Last year for Lent I gave up snarking. In response, my husband, my blog commenters, and even my literary agent deluged me with snark-worthy news stories, trying to get me to break my vow.
Now Snart writes: “Here it is Lent, and we haven’t asked if you’ve given up snarking this year. Sorry. Do let us know, so we can ‘help’ you along!”
The answer is no - I haven’t forsworn snarking. This year I’ve given up using my hands. It’s easier. Granted, with my arms tied behind my back the driving does get dicey.

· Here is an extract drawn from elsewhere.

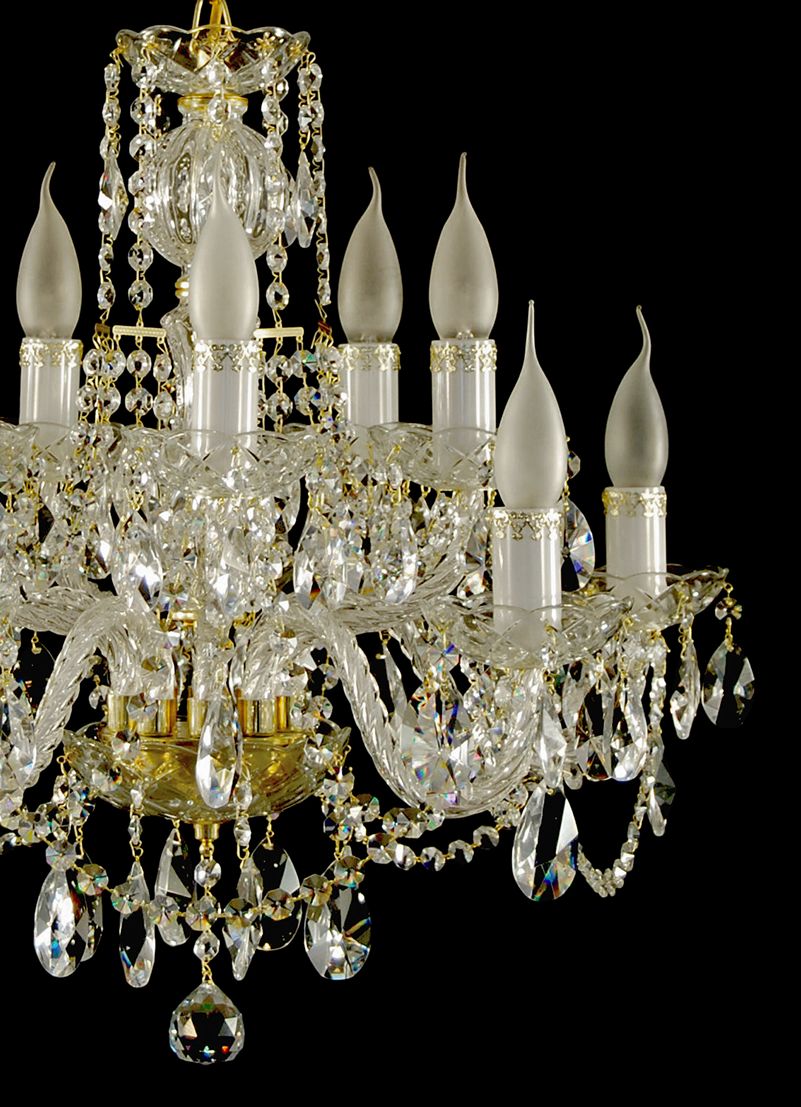 Lustre en cristal AL223K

But I’m a whole lot less stressed out.
Nevertheless, vow or no vow, I am trying to avoid sarcasm. I want to become a kinder human being, and not make kittens cry, and avoid going to hell. As proof, here are recent stories I have not commented upon.
“Dawn Goes Lesbian.” For those in North America who still think the BBC broadcasts Jane Austen adaptations 24/7, brace yourselves. This documentary follows “Dawn, a girl-girl with a big love for men (’as friends, lovers, boyfriends, anything!’) [who's] prepared, for our sake, to thoroughly immerse herself in the lesbian life for a whole month.” The program was so hugely insulting, I can only beg the world’s lesbians: please don’t judge all us straight women by this twit. Thank God the Guardian’s Anna Pickard, snark-maestra extraordinaire, live-blogged this one so I didn’t have to.

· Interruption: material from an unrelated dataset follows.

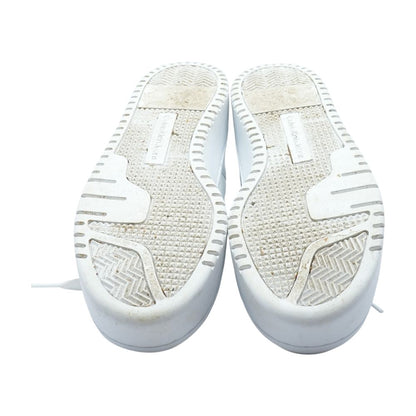 Alondra Sneaker White Low Top Athletic Shoes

Fur Flies at Beauty Pageant.
GOLDEN HILL, Md. — Contestant No. 1 sashayed down the catwalk, her hair bouncing in blonde curls, and smiled a radiant beauty-queen smile. She picked up a furry dead rodent about the size of a football.

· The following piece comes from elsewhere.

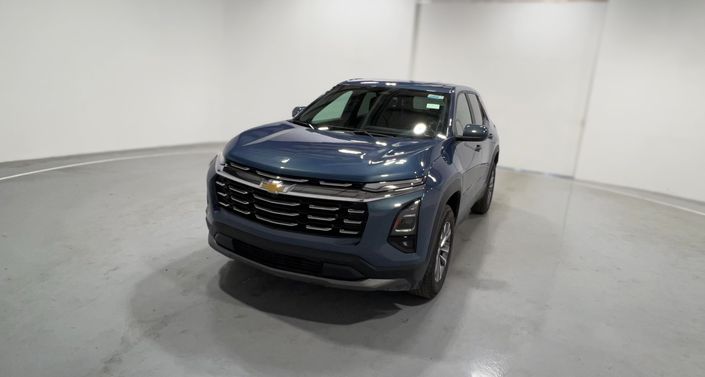 Thumbnail: 2026 Chevrolet Equinox - 1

Then she took out a very sharp four-inch blade and stuck the point in just above the animal’s tail.
“Then,” she said, narrating the incision as sweetly as a Miss America contestant talking about world peace, “you’re going to want to take your knife . . .”
It’s the Miss Outdoors 2008 pageant, which “combines the worlds of beauty contests and competitive muskrat skinning.”
” . . . You want to take your knuckles,” 17-year-old Samantha Phillips, Contestant No. 1, was saying. One of the pageant judges squinched up her face in shock. “And separate the meat from the hide, just like this.”
“Oh my God!” a boy in the audience yelled, at the sight of a woman in perfect makeup with her hand inside a muskrat.
Then, from another part of the crowd: an older woman’s voice: “She’s good.”
I repeat: I have not blogged about this.
Goodness has its limits, however, and the next story pushed me beyond mine: Language barrier scuppers walker.
A man who planned to walk from Bristol to India without any money has quit, after getting as far as Calais, France.
Mark Boyle, 28, who set out four weeks ago with only T-shirts, a bandage and sandals, hoped to rely on the kindness of strangers for food and lodging.
But, because he could not speak French, people thought he was free-loading or an asylum seeker.
He now plans to walk around the coast of Britain instead, learning French as he goes, so he can try again next year.
Mr Boyle, a former organic food company boss, belongs to the Freeconomy movement which wants to get rid of money altogether.
In Boyle’s freeconomy, generosity apparently begins with gimme. And so the Blanche DuBois walking tour grinds to a halt.
He forgot that give-and-take should involve more than taking. Well, I’m happy to give it to him.